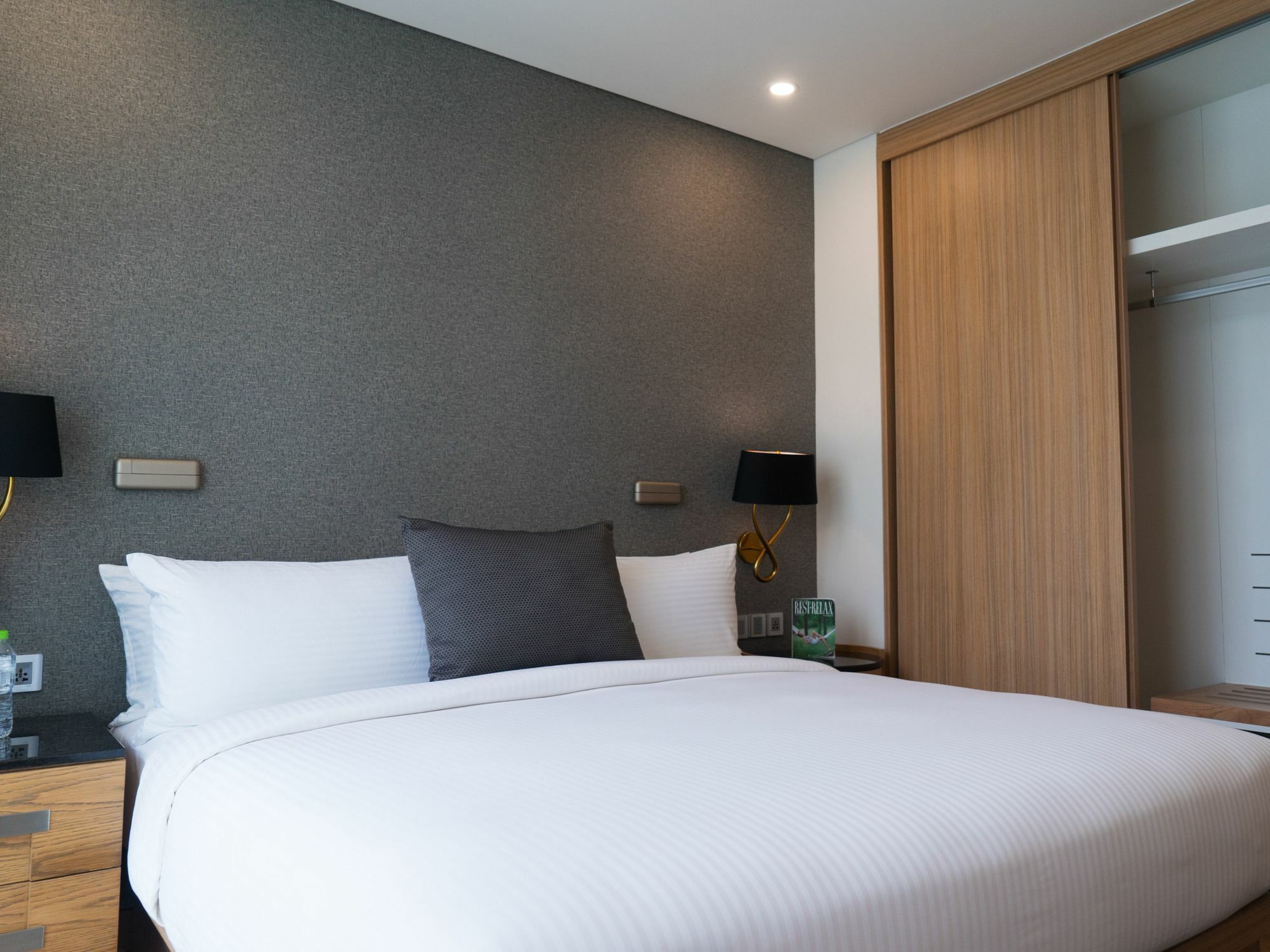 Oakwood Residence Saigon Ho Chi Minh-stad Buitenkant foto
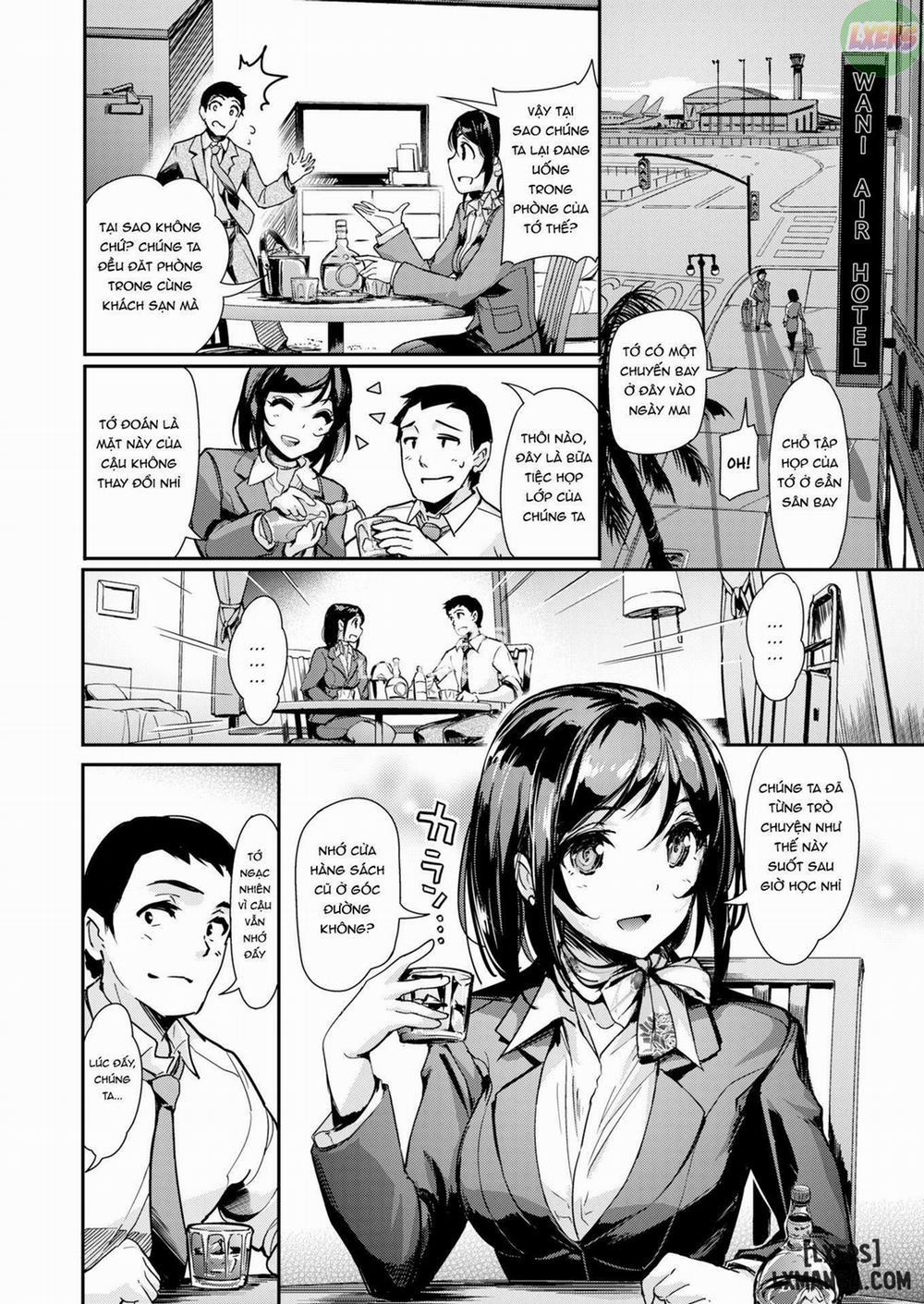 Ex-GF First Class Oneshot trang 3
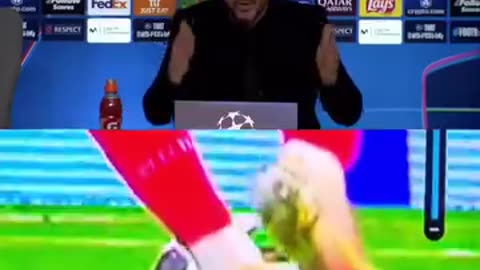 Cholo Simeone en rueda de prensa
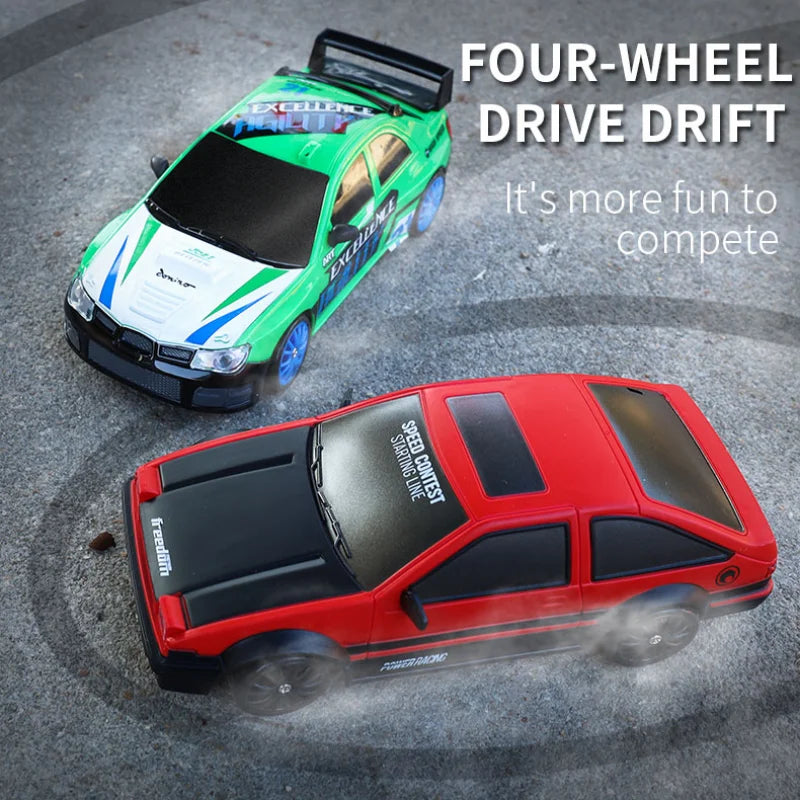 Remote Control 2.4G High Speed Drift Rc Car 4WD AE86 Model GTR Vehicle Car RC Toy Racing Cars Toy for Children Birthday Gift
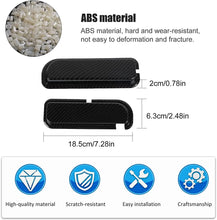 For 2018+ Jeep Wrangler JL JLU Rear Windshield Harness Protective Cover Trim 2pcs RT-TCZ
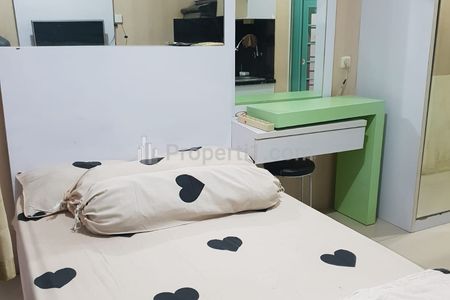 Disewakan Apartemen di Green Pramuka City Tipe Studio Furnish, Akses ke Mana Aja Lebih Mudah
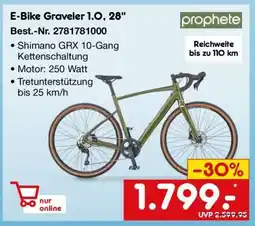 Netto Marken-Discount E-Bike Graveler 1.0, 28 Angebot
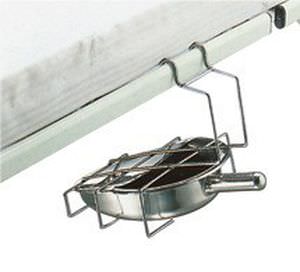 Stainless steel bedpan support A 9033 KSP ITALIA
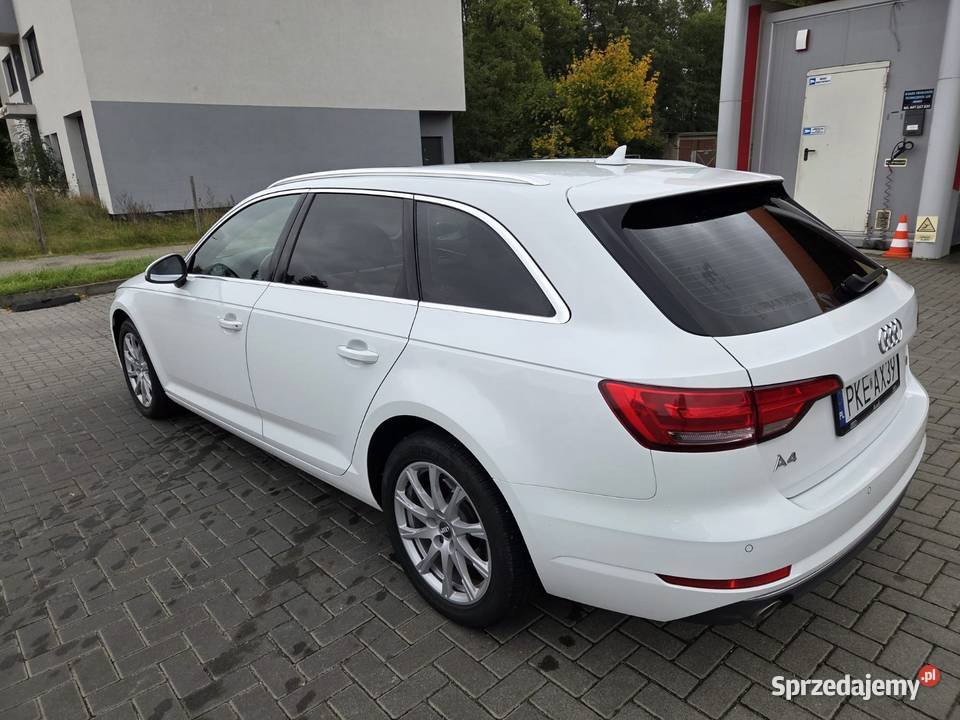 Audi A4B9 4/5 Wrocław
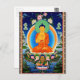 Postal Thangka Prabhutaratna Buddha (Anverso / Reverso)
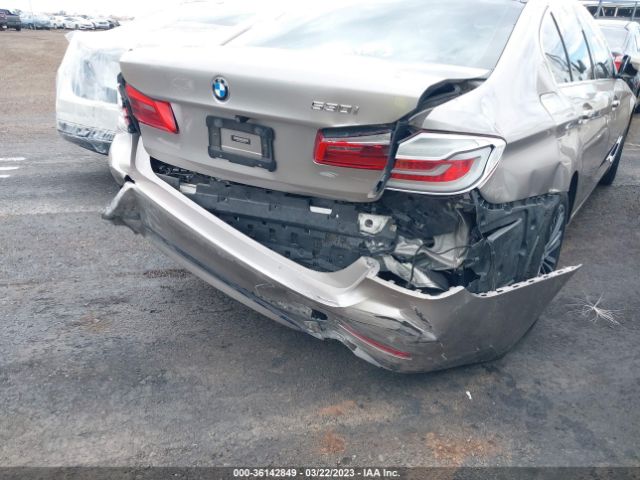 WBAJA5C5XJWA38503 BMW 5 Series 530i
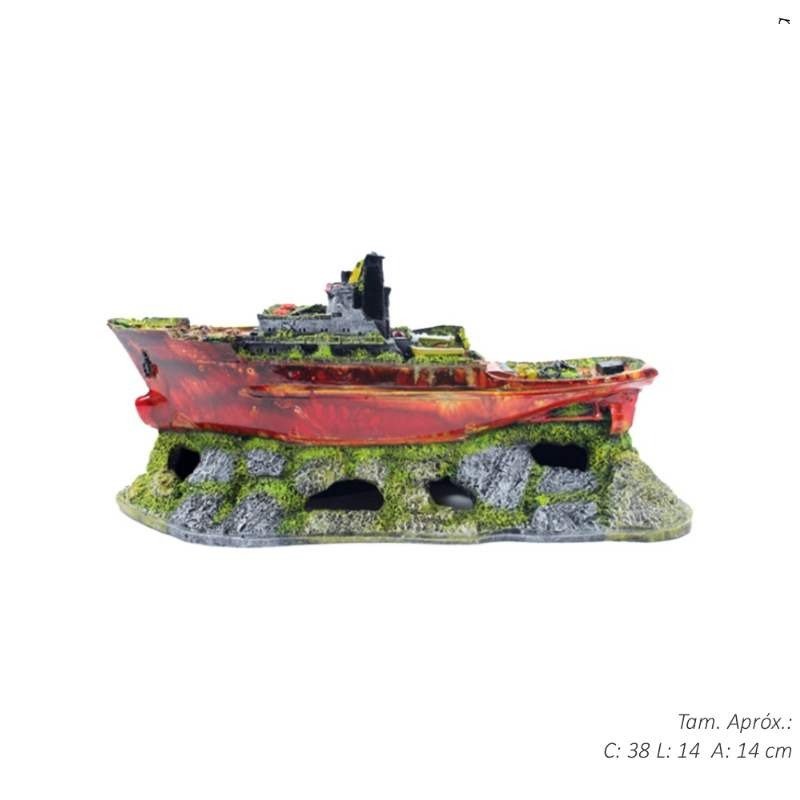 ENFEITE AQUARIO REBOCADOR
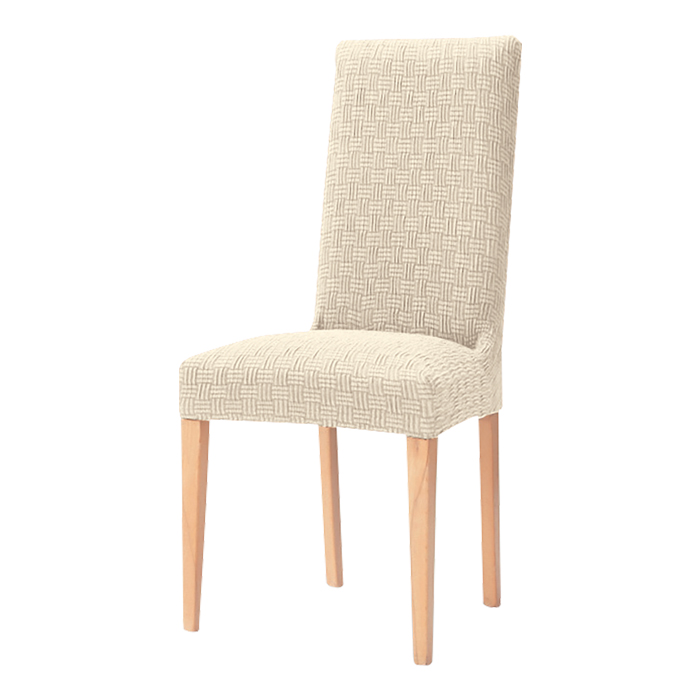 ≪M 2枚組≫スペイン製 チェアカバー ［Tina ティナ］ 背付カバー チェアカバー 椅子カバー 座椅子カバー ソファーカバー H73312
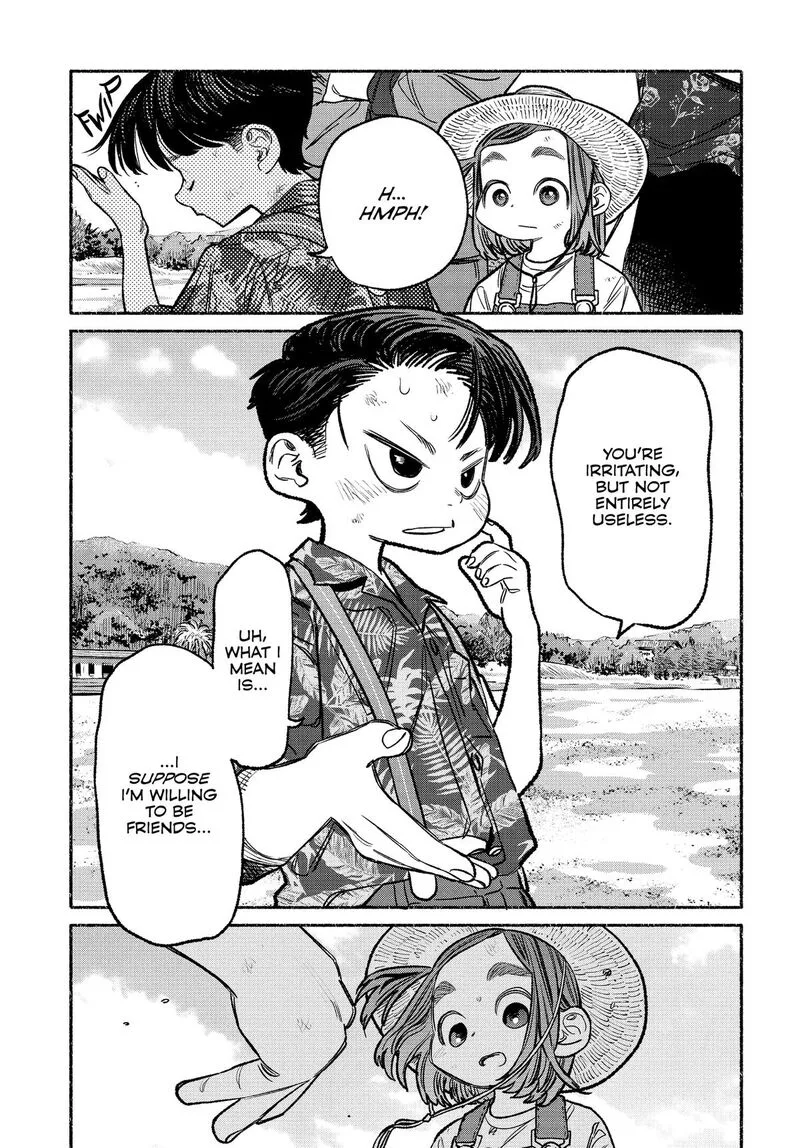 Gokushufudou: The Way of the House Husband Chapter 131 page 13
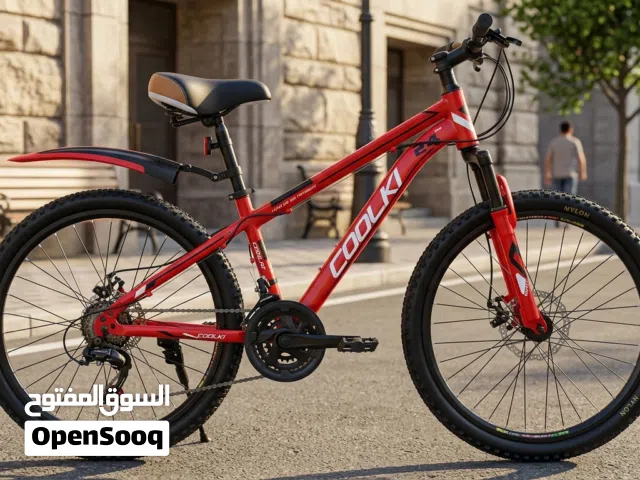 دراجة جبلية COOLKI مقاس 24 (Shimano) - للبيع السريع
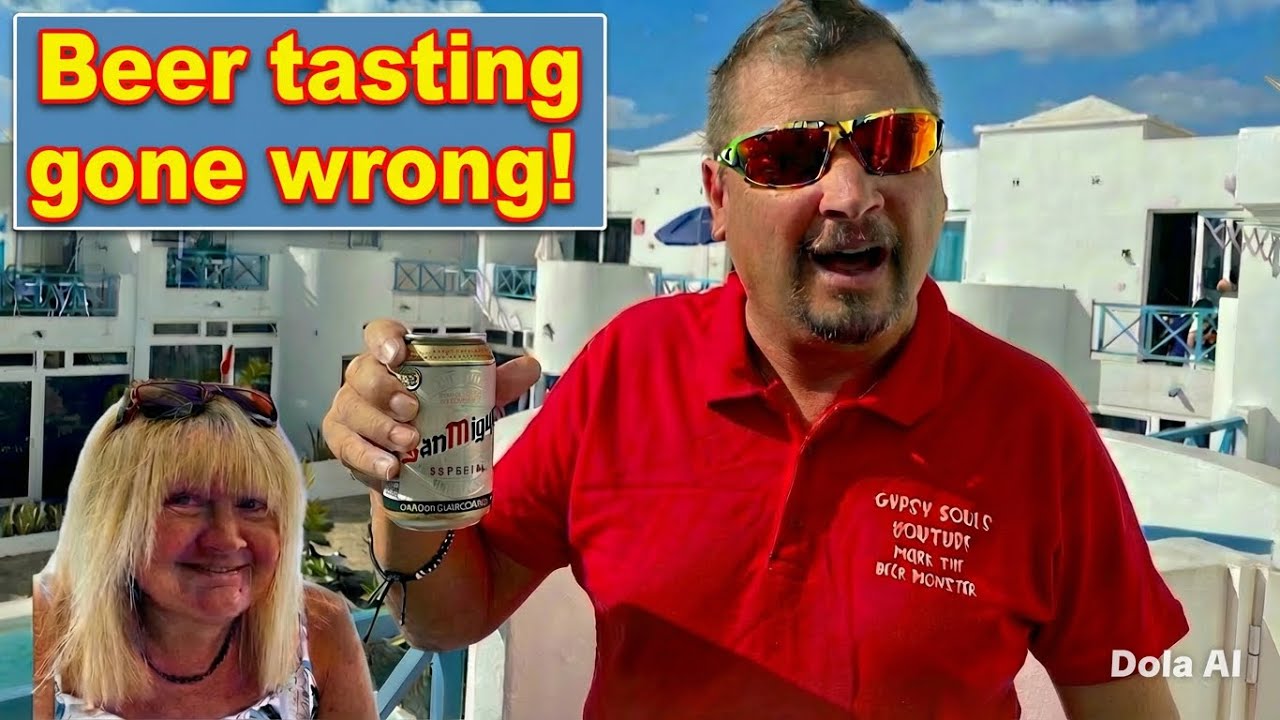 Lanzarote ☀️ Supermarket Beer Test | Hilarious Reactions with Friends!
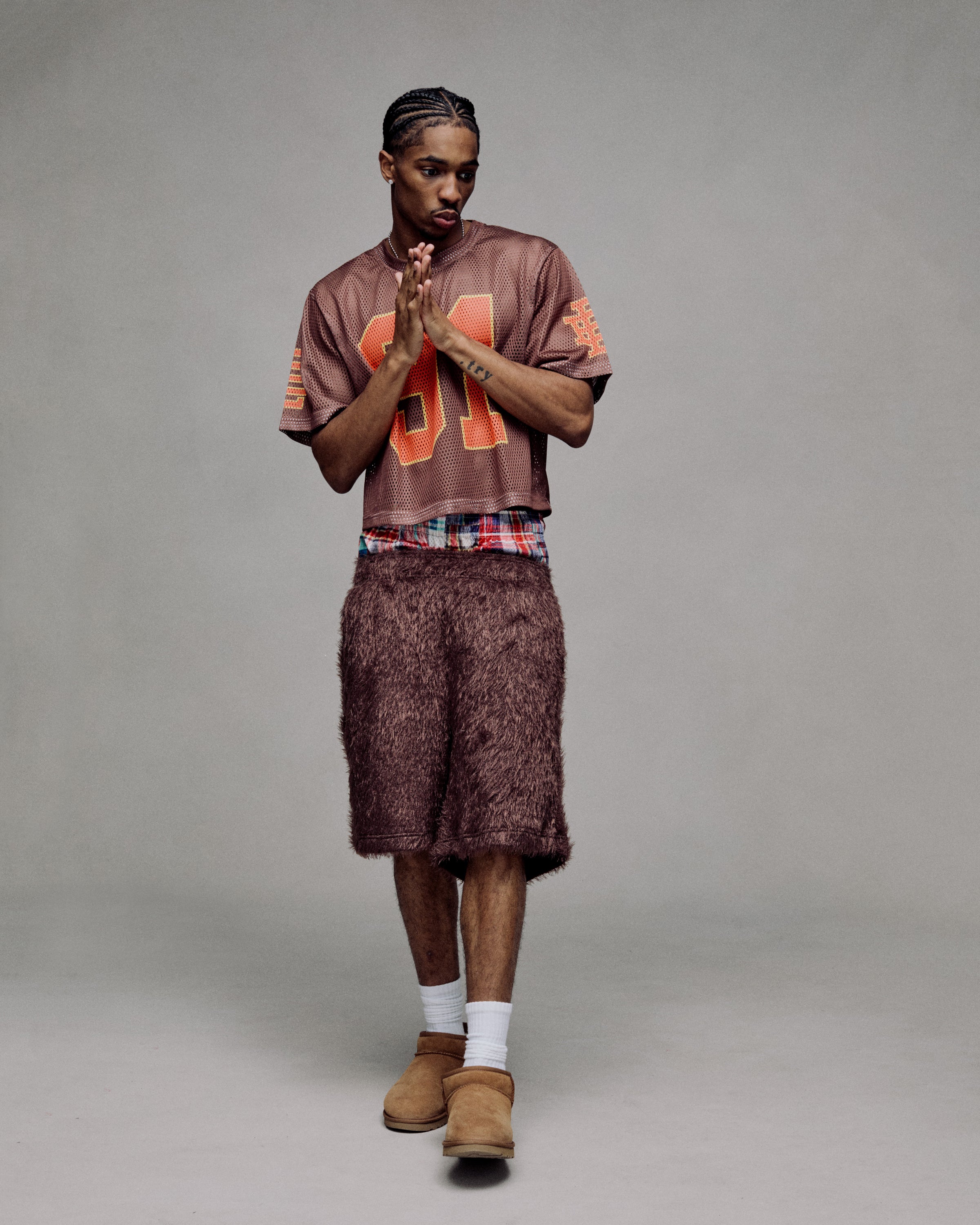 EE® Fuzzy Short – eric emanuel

-*-

WHAT THE TASK REQUIRES |
Begin the copy at the line containing "دراجة جبلية COOLKI" and end it at the last line of the records; transcribe exactly and exclude pictures.

EXERCISE RESULT |
 دراجة جبلية COOLKI مقاس 24 (Shimano) - للبيع السريع
 Lanzarote ☀️ Supermarket Beer Test | Hilarious Reactions with Friends!
 EE® Fuzzy Short – eric emanuel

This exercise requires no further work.